Papa Leone: la vera giustizia è l’amore

Vatican Media
ROMA\ aise\ - “La vera giustizia è l’amore” e “dentro ogni precetto della Legge dobbiamo cogliere un’esigenza d’amore”. Questo l’insegnamento di Gesù, riportato nel “discorso della montagna” contenuto nel Vangelo, al centro dell’Angelus domenicale, che Papa Leone XIV ha recitato di fronte a fedeli e pellegrini giunti ieri, 15 febbraio, in piazza San Pietro.
“Dopo aver proclamato le Beatitudini”, ha spiegato il Santo Padre, “Gesù ci invita a entrare nella novità del Regno di Dio e, per guidarci in questo cammino, rivela il vero significato dei precetti della Legge di Mosè: essi non servono a soddisfare un bisogno religioso esteriore per sentirsi a posto davanti a Dio, ma a farci entrare nella relazione d’amore con Dio e con i fratelli. Per questo Gesù dice di non essere venuto ad abolire la Legge, “ma a dare il pieno compimento“ (v. 17)”.
“Il compimento della Legge è proprio l’amore, che ne realizza il significato profondo e lo scopo ultimo”, ha proseguito Leone. “Si tratta di acquisire una “giustizia superiore” (cfr v. 20) a quella degli scribi e dei farisei, una giustizia che non si limita a osservare i comandamenti, ma ci apre all’amore e ci impegna nell’amore. Gesù, infatti, prende in esame proprio alcuni precetti della Legge che si riferiscono a casi concreti della vita, e utilizza una formula linguistica – le antinomie – proprio per far vedere la differenza tra una formale giustizia religiosa e la giustizia del Regno di Dio: da una parte “Avete inteso che fu detto agli antichi” e dall’altra Gesù che afferma “Ma io vi dico” (cfr vv. 21-37)”.
“Questa impostazione è molto importante”, ha sottolineato il Papa. “Ci dice che la Legge è stata data a Mosè e ai profeti come una via per iniziare a conoscere Dio e il suo progetto su di noi e sulla storia o, per usare un’espressione di San Paolo, come un pedagogo che ci ha guidati a Lui (cfr Gal 3,23-25).
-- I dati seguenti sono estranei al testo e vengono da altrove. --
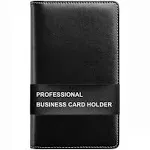 Sooez Leather Business Card Book Holder, Professional Cards Black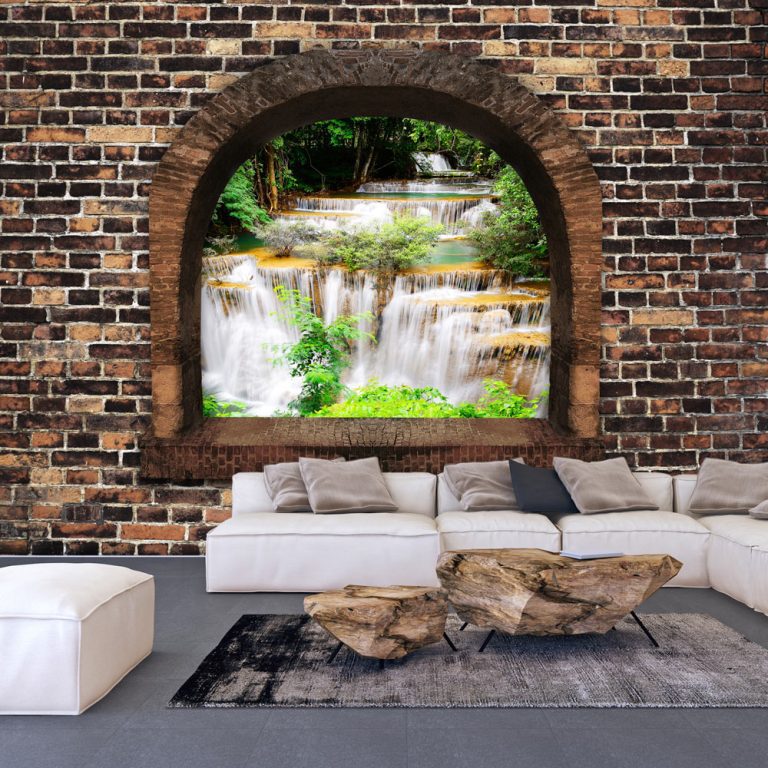 Samolepící fototapeta – Stony Window: Waterfalls Samolepící fototapeta – Stony Window: Waterfalls
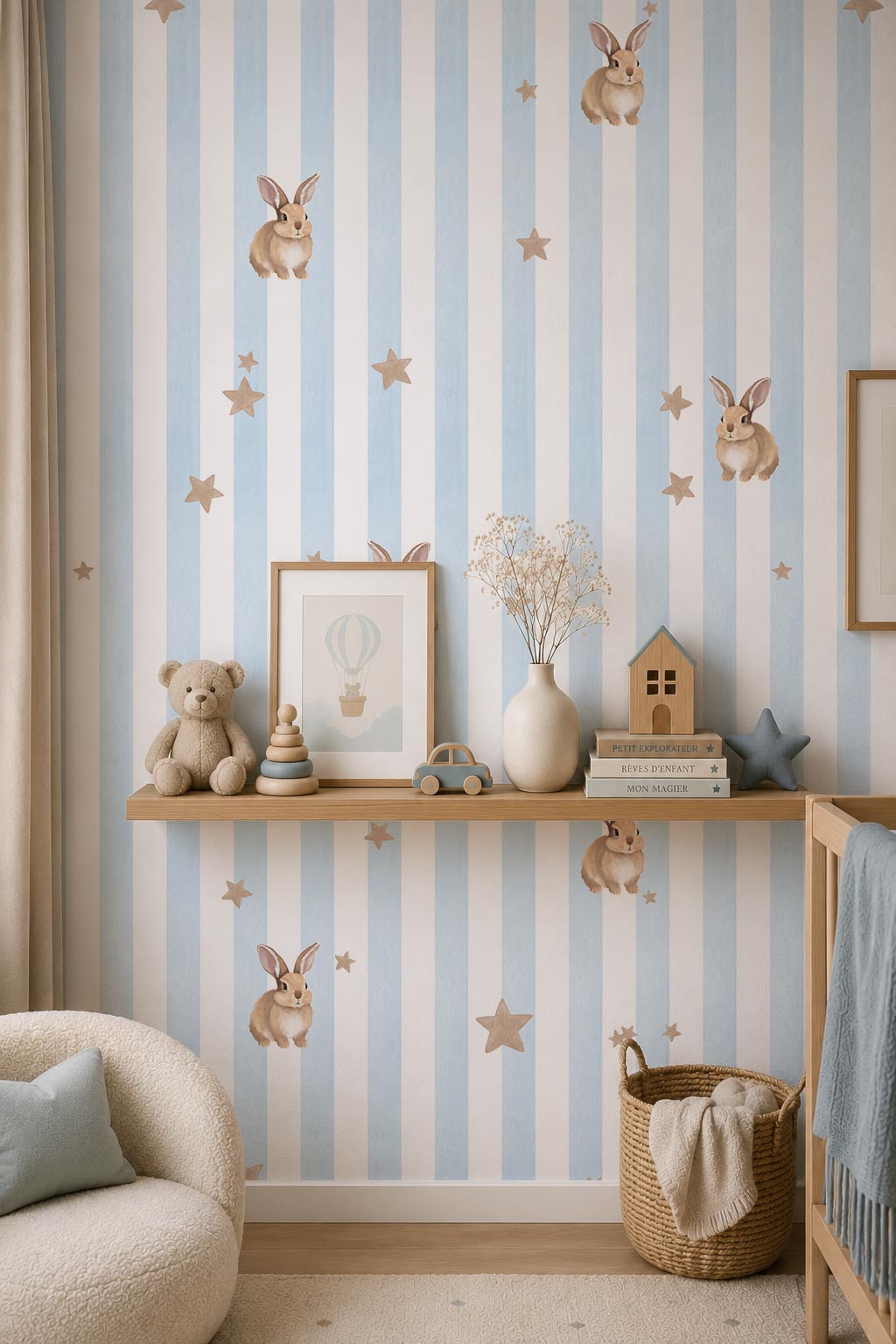 papier peint lapin et étoile rayure bleu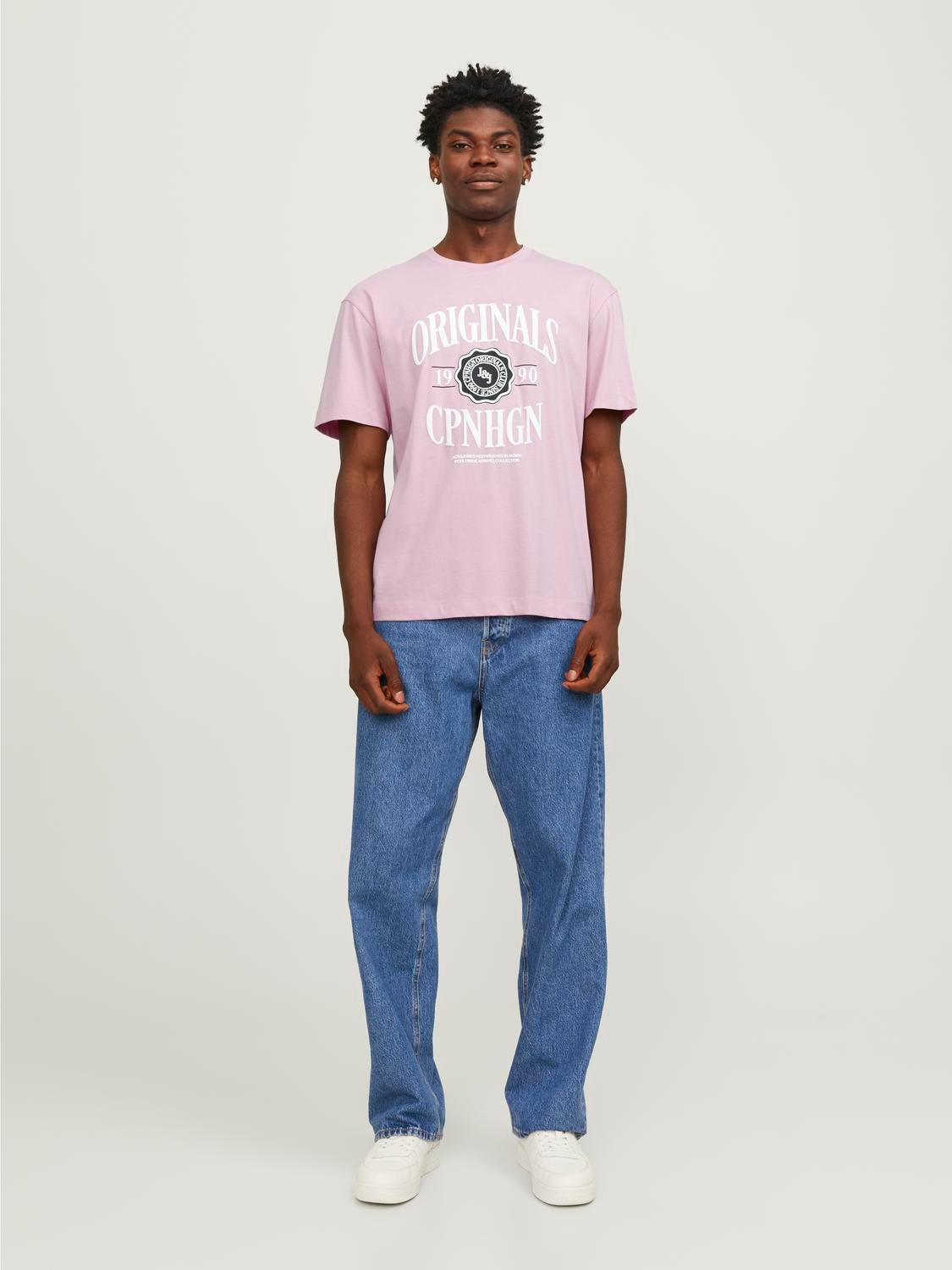 Jack & Jones Tryck Rundringning T-shirt -Pink Nectar - 12251899
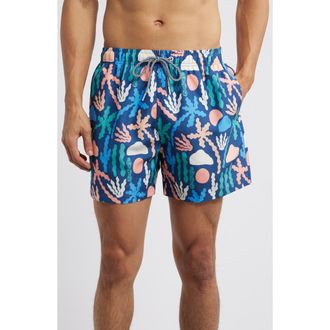 Boardies Palm Springs Mid Length Swim Trunks in Navy Multi at Nordstrom Rack, Size Xx-Large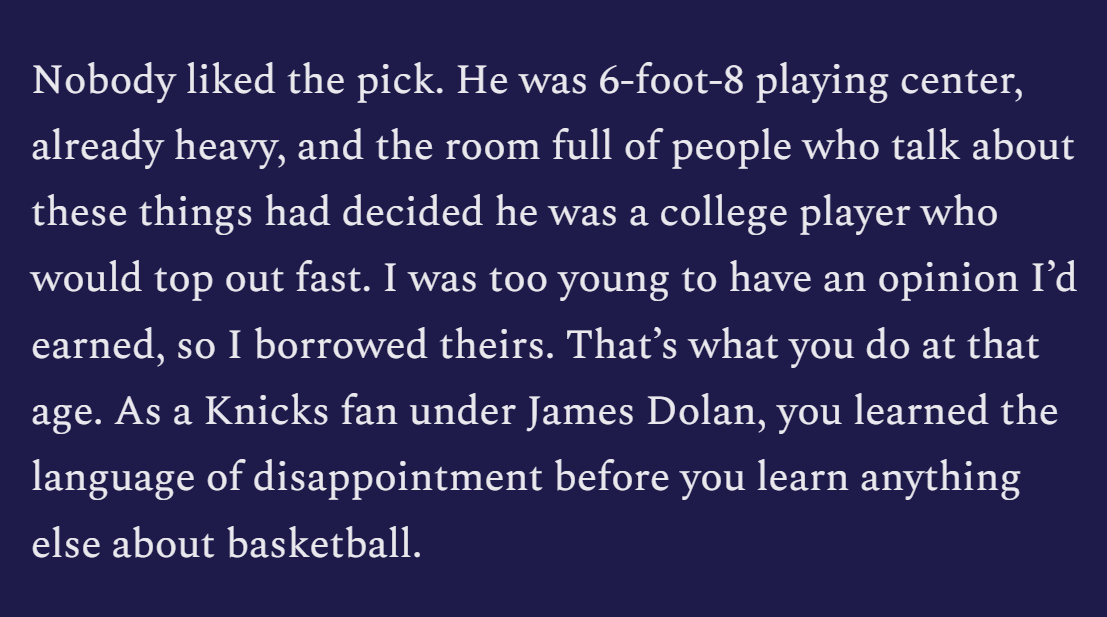 Substack's tweet photo. “It was the first draft I watched all the way through, the first time I understood that a team I loved could reach into a room full of teenagers and pick one, and that the pick would then belong to us. Sweetney belonged to us.”

Knicks writer and lifelong fan Lee Escobedo reflects on Mike Sweetney, the 2003 lottery pick so many wrote off as a bust, and revises his verdict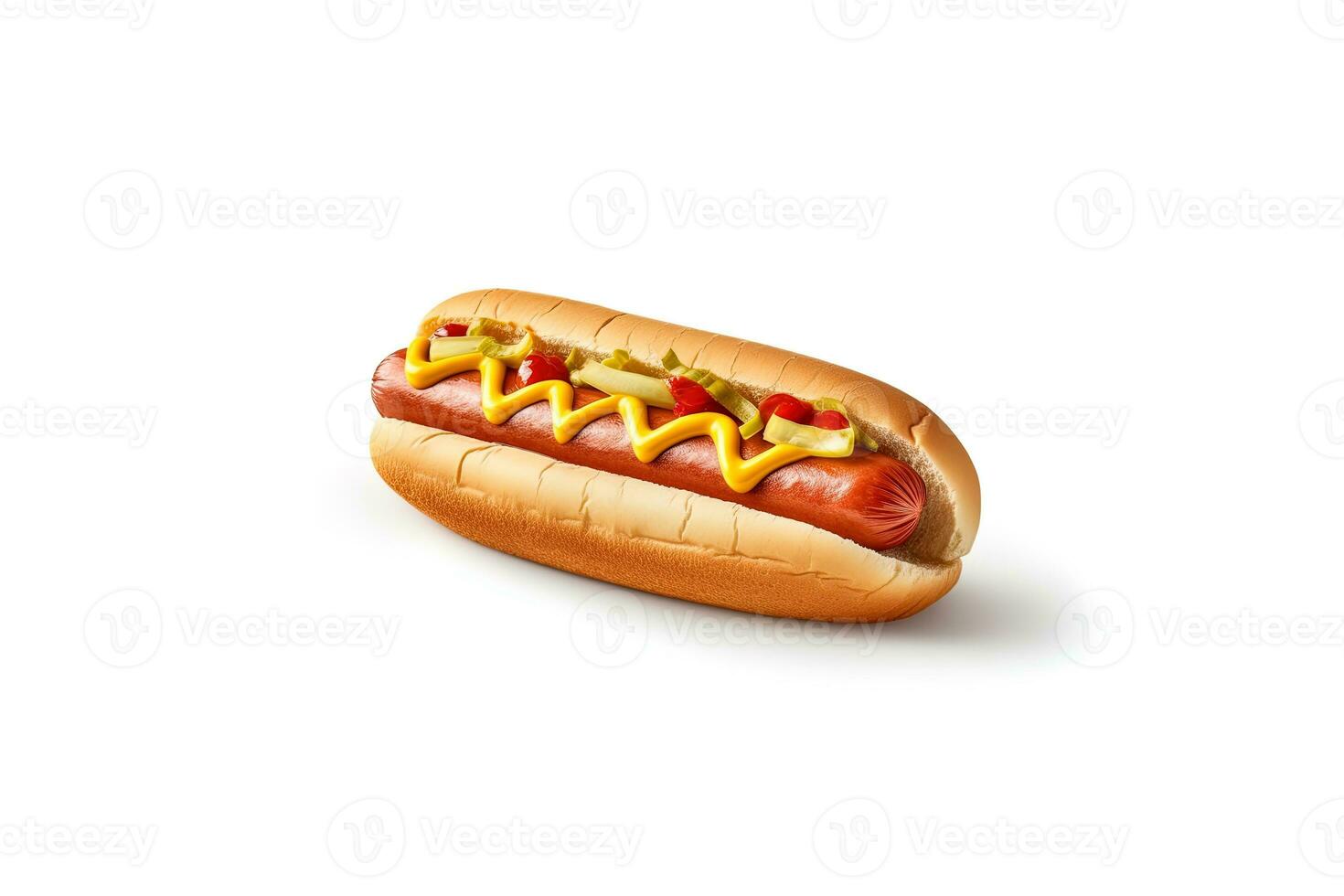 caldo cane con mostarda e ketchup isolato su un' bianca sfondo. ai generato foto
Ma ora Lui stesso, nella persona di Gesù, è venuto in mezzo a noi, il quale ha portato a compimento la Legge, facendoci diventare figli del Padre e donandoci la grazia di entrare in relazione con Lui come figli e come fratelli tra di noi”.
“Gesù ci insegna che la vera giustizia è l’amore e che, dentro ogni precetto della Legge, dobbiamo cogliere un’esigenza d’amore. Infatti”, ha continuato Prevost, “non basta non uccidere fisicamente una persona, se poi la uccido con le parole oppure non rispetto la sua dignità (cfr vv. 21-22). Allo stesso modo, non basta essere formalmente fedele al coniuge e non commettere adulterio, se in questa relazione mancano la tenerezza reciproca, l’ascolto, il rispetto, il prendersi cura di lei o di lui e il camminare insieme in un progetto comune (cfr vv. 27-28.31-32). A questi esempi, che Gesù stesso ci offre, ne potremmo aggiungere altri ancora. Il Vangelo ci offre questo prezioso insegnamento: non serve una giustizia minima, serve un amore grande, che è possibile grazie alla forza di Dio”.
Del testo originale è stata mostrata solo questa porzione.